GnuPG(GPG)で署名ファイルを作る【CUI編】
『それは誰が保証するか?〔GnuPG(GPG)/電子署名〕〜ごまかせない署名〜』の番外編です。
先のページで3パターンの署名を例として上げましたが、それぞれの署名の仕方についてのメモです。なお、作業環境は毎度のことながらDebian10です。
ちなみに、各署名を行うには自分のGPG鍵ペアを所有している必要がありますので、無い場合は自分で作成を。
GPG鍵ペアの作成は、
$ gpg --full-gen-key
(または、簡易の「$ gpg --gen-key」、さらに細かく指定する場合は「$ gpg --full-gen-key --expert」)
で可能です。
【1:クリア署名の作成】
署名したい文書(テキストファイル)を用意し、端末で以下を入力すれば終了。
$ gpg --clearsign <署名したい文書ファイル>
このとき、GPG鍵を作成したときに設定した「パスフレーズ」を聞かれるかと思いますので、正しいパスフレーズを入力すれば「○○.asc」な感じでクリア署名のファイルができていると思います。

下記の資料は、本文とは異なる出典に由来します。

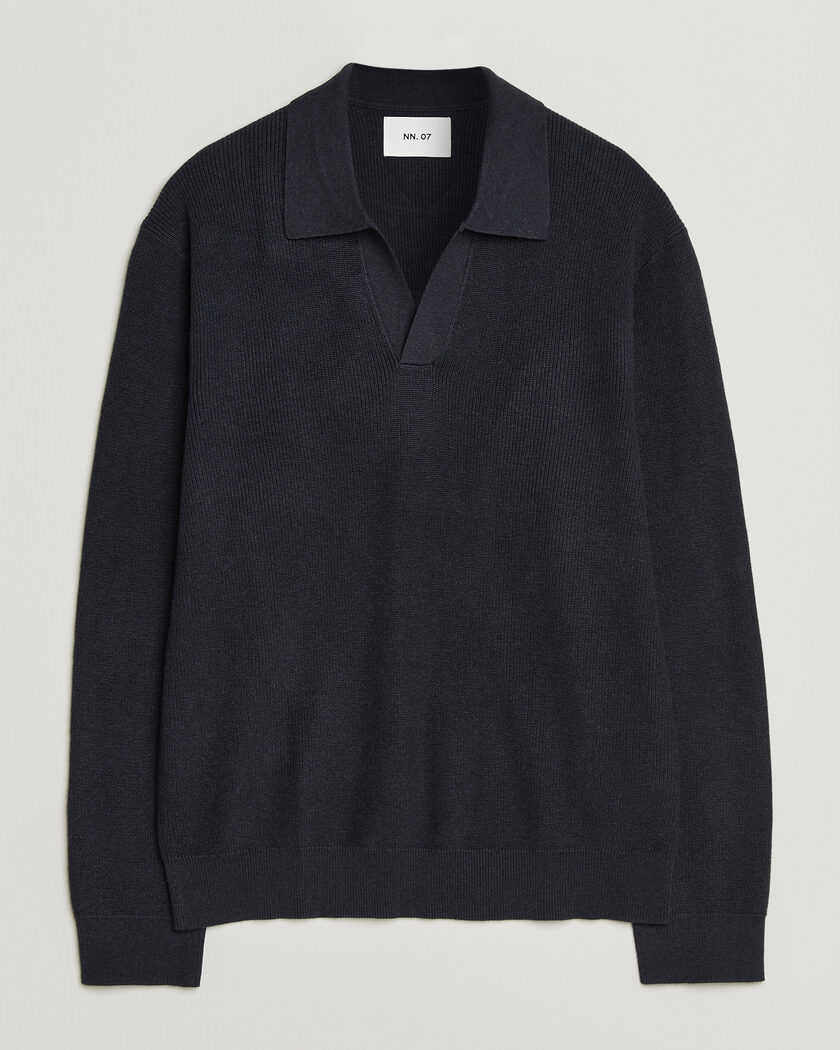  NN07 Hope Cotton/Cashmere Rib Knitted Polo Navy – Blauw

なお、ファイル名を指定してクリア署名ファイルを作成したい場合は、
$ gpg --output <クリア署名ファイル名> --clearsign <署名したい文書ファイル>
とします。
検証は以下。
$ gpg --verify <クリア署名ファイル>
【3:分離署名の作成】
署名したい文書(テキストファイル)を用意し、端末で以下を入力。
$ gpg --detach-sign <署名したいファイル名>
とすると「○○.sig」な感じで分離署名ファイルができます。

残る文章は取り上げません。